Relation between Quaternions and PRV
The relation between unit quaternions and the PRV follows directly from how we constructed the rotation quaternion \(q\) above, its scalar part being the cosine of half the rotation angle and its vector part being the sine of half the rotation angle times the unit rotation axis vector \(\mathbf{e}\). We therefore obtain:
\begin{eqnarray}
q_0 &=& \cos\left(\frac{\Phi}{2}\right) \\
q_1 &=& e_1\sin\left(\frac{\Phi}{2}\right) \\
q_2 &=& e_2\sin\left(\frac{\Phi}{2}\right) \\
q_3 &=& e_3\sin\left(\frac{\Phi}{2}\right)
\end{eqnarray}
Likewise, one can compute the PRV \({\bf e}=(e_1, e_2, e_3)^T\) and rotation angle \(\Phi\) from:
\begin{eqnarray}
\Phi &=& 2 \arccos(q_0) \\
e_1 &=& \frac{q_1}{\sin\left(\frac{\Phi}{2}\right)}\\
e_2 &=& \frac{q_2}{\sin\left(\frac{\Phi}{2}\right)}\\
e_3 &=& \frac{q_3}{\sin\left(\frac{\Phi}{2}\right)}
\end{eqnarray}
Relation between Quaternions and Rotation Matrix
Sometimes it is more convenient just to use linear algebra with matrix operations than to bother with with quaternion operations. Or we may want to create the rotation matrix to translate to another rotation formalism. Whatever the motivation, if we want to avoid the quaternion conjugation to express a rotation and instead use the rotation matrix on vectors (i.e. computing \(\mathbf{v}_{\mathcal{B}}=B\mathbf{v}_{\mathcal{A}}\) instead of \(\mathbf{v}_{\mathcal{B}}=\overline{q}\mathbf{v}_{\mathcal{A}}q\)), we need to construct \(B\) first from a given unit quaternion \(q\), which accomplishes the rotation. This is done with the following formula:
\begin{equation}
B = \begin{pmatrix}
q_0^2+q_1^2-q_2^2-q_3^2 & 2(q_1q_2+q_0q_3) & 2(q_1q_3-q_0q_2) \\
2(q_1q_2-q_0q_3) & q_0^2-q_1^2+q_2^2-q_3^2 & 2(q_2q_3+q_0q_2) \\
2(q_1q_3+q_0q_2) & 2(q_2q_3-q_0q_1) & q_0^2-q_1^2-q_2^2+q_3^2
\end{pmatrix}
\end{equation}
The inverse transformation from the DCM, \(B\), back to the unit quaternion \(q\) accomplishing the rotation is found by combining suitable matrix entries in the above as:
\begin{eqnarray}
q_0 &=& \pm \frac{1}{2}\sqrt{B_{11} + B_{22} + B_{33} + 1} \\
q_1 &=& \frac{B_{23}-B_{32}}{4q_0} \\
q_2 &=& \frac{B_{31}-B_{13}}{4q_0} \\
q_3 &=& \frac{B_{12}-B_{21}}{4q_0}
\end{eqnarray}
Quaternion Differential Kinematic Equations
The kinematic differential equations for quaternions is given by
\begin{equation}
\begin{pmatrix}\dot q_0 \\ \dot q_1 \\ \dot q_2 \\ \dot q_3\end{pmatrix}
=\frac{1}{2}\begin{pmatrix}
q_0 & -q_1 & -q_2 & -q_3 \\
q_1 & q_0 & -q_3 & q_2 \\
q_2 & q_3 & q_0 & -q_1 \\
q_3 & -q_2 & q_1 & q_0
\end{pmatrix}
\begin{pmatrix}0 \\ \omega_1 \\ \omega_2 \\ \omega_3\end{pmatrix}
\end{equation}
We review this result without derivation. The components of \(\boldsymbol{\omega}\) are assumed to be given in the non-inertial axis system, the motion of which the quaternion \(q(t)\) describes, i.e. in the body frame, \((\omega_1, \omega_2, \omega_3)=(p,q,r)\)), if \(q=(q_0,q_1,q_2,q_3)\) describes the attitude of the aircraft (i.e. the attitude of the body axis system).

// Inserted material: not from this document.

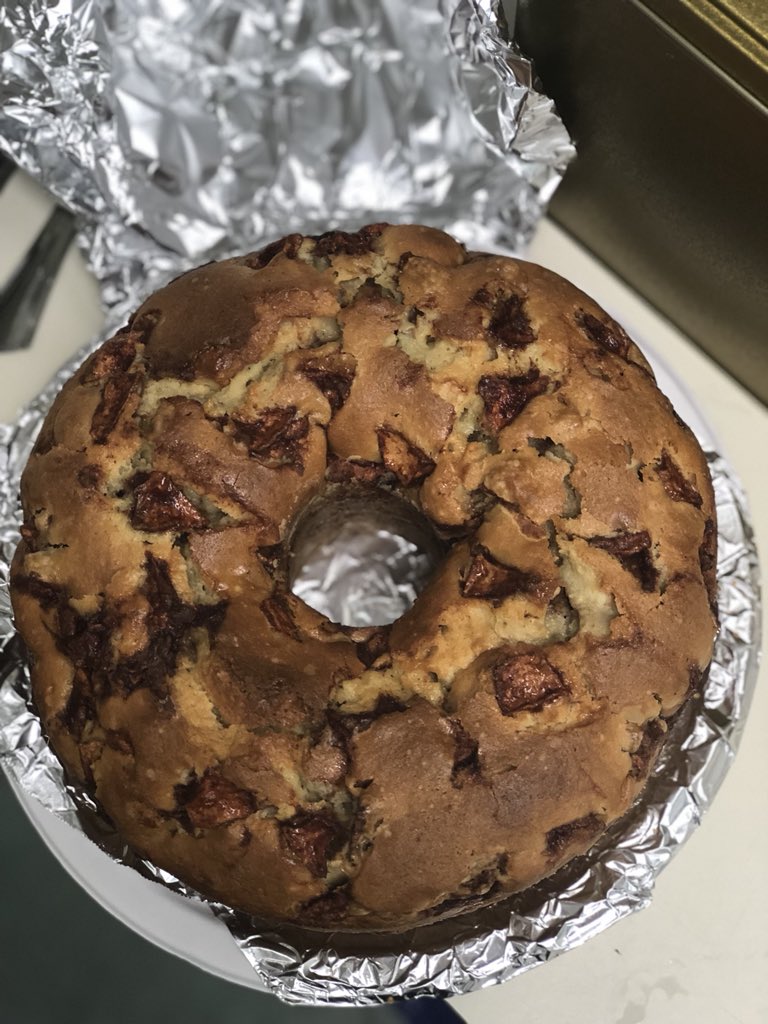 NeekoMarie's tweet photo. The patients at my job ❤️ me 😍😍😍😍 #jewishapplecake 🎂 is so bomb!!! #love #Workflow https://t.co/2sekx88Nz7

This equation is the quaternion equivalent of the matrix \(\mathcal{L}\) taking \((p, q, r)\) to \(\dot \psi\), \(\dot \theta\), \(\dot \phi\) for Euler angles. The \(\dot q_i\)’s play the role of the Euler angle time derivatives. A computational advantage of the above equation is that it does not require the evaluation of any trigonometric functions, unlike the matrix \(\mathcal{L}\) for Euler angles, which we have encountered earlier.